Lamento desapontar os defensores do Diploma de Jornalista, mas sou a favor da decisão do STF pelo simples fato de que não vejo problema em um jornalista trabalhar sem diploma. O ideal é esse, mas não vejo como condição, e sim como um qualificador.

Os jornalistas que se levantam contra tal medida estão, na sua maioria, apenas agindo de forma corporativa, com medo de perderem as suas vagas para "colegas" não formados em Universidades.

Sobre isso, tenho a comentar que:

1. As empresas continuarão a dar emprego preferencial para quem tem faculdade, pois a tendência - a tendência - é de que os formados estejam mais bem-preparados e portanto mais habilitados para o mercado de trabalho, o que nem sempre - nem sempre - é verdade. Vi colegas de curso receberem diploma sem estar preparados sequer para o convívio social, imagine para trabalhar na imprensa.

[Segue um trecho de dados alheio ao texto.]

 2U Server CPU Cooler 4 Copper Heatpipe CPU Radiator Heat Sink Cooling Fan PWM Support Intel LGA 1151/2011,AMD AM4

2. As empresas que derem trabalho indiscriminanadamente para os não formados, só para economizar nivelando por baixo... bom, se isso acontecer, será um belo motivo para um jornalista sério não trabalhar nesse órgão picareta. Os bons jornais, emissoras e afins sempre vão dar preferência aos mais competentes, pelo menos essa é a lógica. Se ela não prevalecer, bom... aí será o momento ideal para se começar a exigir diploma não só dos empregados, mas também dos empregadores...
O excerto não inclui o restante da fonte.